Map Companies to their Acquisitions (wikipedia, en)

Description

This models allows you to, given an extracter ORG, retrieve all the parent / subsidiary /companies acquired and/or in the same group than it.

IMPORTANT: This requires an exact match as the name appears in Wikidata.
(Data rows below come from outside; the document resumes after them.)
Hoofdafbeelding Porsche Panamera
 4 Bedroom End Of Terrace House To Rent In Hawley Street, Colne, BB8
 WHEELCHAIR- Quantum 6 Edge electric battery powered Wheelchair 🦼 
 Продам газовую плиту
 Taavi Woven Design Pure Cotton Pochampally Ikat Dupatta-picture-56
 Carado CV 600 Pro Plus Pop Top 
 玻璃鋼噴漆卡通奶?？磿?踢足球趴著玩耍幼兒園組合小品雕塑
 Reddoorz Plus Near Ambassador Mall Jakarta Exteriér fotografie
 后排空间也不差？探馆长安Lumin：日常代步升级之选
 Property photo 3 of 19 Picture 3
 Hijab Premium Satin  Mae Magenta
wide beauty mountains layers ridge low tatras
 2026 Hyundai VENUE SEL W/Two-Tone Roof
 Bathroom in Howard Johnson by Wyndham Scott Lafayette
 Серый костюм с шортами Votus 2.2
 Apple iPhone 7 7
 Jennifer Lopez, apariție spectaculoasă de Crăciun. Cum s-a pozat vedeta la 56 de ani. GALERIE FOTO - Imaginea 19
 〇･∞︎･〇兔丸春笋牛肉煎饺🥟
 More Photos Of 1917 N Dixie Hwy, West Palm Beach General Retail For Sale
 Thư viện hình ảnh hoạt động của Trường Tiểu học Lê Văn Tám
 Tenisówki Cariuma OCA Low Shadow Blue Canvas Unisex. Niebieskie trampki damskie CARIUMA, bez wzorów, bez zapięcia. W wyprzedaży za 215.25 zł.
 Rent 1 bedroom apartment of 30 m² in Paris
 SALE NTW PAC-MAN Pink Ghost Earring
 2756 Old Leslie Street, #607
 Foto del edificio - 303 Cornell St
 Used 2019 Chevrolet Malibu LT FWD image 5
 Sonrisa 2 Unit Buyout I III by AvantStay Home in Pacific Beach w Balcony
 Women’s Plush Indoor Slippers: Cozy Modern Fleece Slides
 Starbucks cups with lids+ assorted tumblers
If you are not sure the name is the same, pleas run finmapper_wikipedia_parentcompanies to normalize the company name first.

Predicted Entities

Copy S3 URI

How to use

documentAssembler = nlp.DocumentAssembler()\
        .setInputCol("text")\
        .setOutputCol("document")
        
sentenceDetector = nlp.SentenceDetector()\
        .setInputCols(["document"])\
        .setOutputCol("sentence")

tokenizer = nlp.Tokenizer()\
        .setInputCols(["sentence"])\
        .setOutputCol("token")

embeddings = nlp.BertEmbeddings.pretrained("bert_embeddings_sec_bert_base","en") \
        .setInputCols(["sentence", "token"]) \
        .setOutputCol("embeddings")

ner_model = finance.NerModel.pretrained('finner_orgs_prods_alias', 'en', 'finance/models')\
        .setInputCols(["sentence", "token", "embeddings"])\
        .setOutputCol("ner")

ner_converter = nlp.NerConverter()\
        .setInputCols(["sentence","token","ner"])\
        .setOutputCol("ner_chunk")

# Optional: To normalize the ORG name using Wikipedia data before the mapping
##########################################################################
chunkToDoc = nlp.Chunk2Doc()\
        .setInputCols("ner_chunk")\
        .setOutputCol("ner_chunk_doc")

chunk_embeddings = nlp.UniversalSentenceEncoder.pretrained("tfhub_use", "en") \
      .setInputCols("ner_chunk_doc") \
      .setOutputCol("sentence_embeddings")
    
use_er_model = finance.SentenceEntityResolverModel.pretrained("finel_wikipedia_parentcompanies", "en", "finance/models") \
      .setInputCols(["ner_chunk_doc", "sentence_embeddings"]) \
      .setOutputCol("normalized")\
      .setDistanceFunction("EUCLIDEAN")
##########################################################################

cm = finance.ChunkMapperModel()\
      .pretrained("finmapper_wikipedia_parentcompanies", "en", "finance/models")\
      .setInputCols(["normalized"])\ 
      .setOutputCol("mappings") # or ner_chunk for non normalized versions

nlpPipeline = nlp.Pipeline(stages=[
        documentAssembler,
        sentenceDetector,
        tokenizer,
        embeddings,
        ner_model,
        ner_converter,
        chunkToDoc,
        chunk_embeddings,
        use_er_model,
        cm
])

text = ["""Barclays is an American multinational bank which operates worldwide."""]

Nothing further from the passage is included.